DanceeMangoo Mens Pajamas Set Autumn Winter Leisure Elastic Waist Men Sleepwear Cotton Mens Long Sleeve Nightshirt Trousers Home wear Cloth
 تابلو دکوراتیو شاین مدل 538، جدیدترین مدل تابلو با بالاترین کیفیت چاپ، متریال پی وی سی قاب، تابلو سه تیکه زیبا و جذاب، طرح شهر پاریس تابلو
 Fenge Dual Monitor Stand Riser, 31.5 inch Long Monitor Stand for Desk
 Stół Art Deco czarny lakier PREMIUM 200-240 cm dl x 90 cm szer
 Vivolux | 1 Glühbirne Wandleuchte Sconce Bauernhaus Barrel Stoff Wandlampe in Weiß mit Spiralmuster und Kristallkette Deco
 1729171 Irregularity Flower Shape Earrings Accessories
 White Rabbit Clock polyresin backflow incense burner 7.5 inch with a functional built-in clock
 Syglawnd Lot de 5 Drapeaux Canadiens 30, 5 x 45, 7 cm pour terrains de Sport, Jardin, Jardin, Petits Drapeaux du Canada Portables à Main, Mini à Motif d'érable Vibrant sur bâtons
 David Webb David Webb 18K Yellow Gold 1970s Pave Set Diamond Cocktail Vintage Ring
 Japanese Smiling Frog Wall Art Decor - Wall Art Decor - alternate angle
· · ·
• _Problem details_
Nothing in the records may change. Print all of them.

• _Solution to the problem_
DanceeMangoo Mens Pajamas Set Autumn Winter Leisure Elastic Waist Men Sleepwear Cotton Mens Long Sleeve Nightshirt Trousers Home wear Cloth
 تابلو دکوراتیو شاین مدل 538، جدیدترین مدل تابلو با بالاترین کیفیت چاپ، متریال پی وی سی قاب، تابلو سه تیکه زیبا و جذاب، طرح شهر پاریس تابلو
 Fenge Dual Monitor Stand Riser, 31.5 inch Long Monitor Stand for Desk
 Stół Art Deco czarny lakier PREMIUM 200-240 cm dl x 90 cm szer
 Vivolux | 1 Glühbirne Wandleuchte Sconce Bauernhaus Barrel Stoff Wandlampe in Weiß mit Spiralmuster und Kristallkette Deco
 1729171 Irregularity Flower Shape Earrings Accessories
 White Rabbit Clock polyresin backflow incense burner 7.5 inch with a functional built-in clock
 Syglawnd Lot de 5 Drapeaux Canadiens 30, 5 x 45, 7 cm pour terrains de Sport, Jardin, Jardin, Petits Drapeaux du Canada Portables à Main, Mini à Motif d'érable Vibrant sur bâtons
 David Webb David Webb 18K Yellow Gold 1970s Pave Set Diamond Cocktail Vintage Ring
 Japanese Smiling Frog Wall Art Decor - Wall Art Decor - alternate angle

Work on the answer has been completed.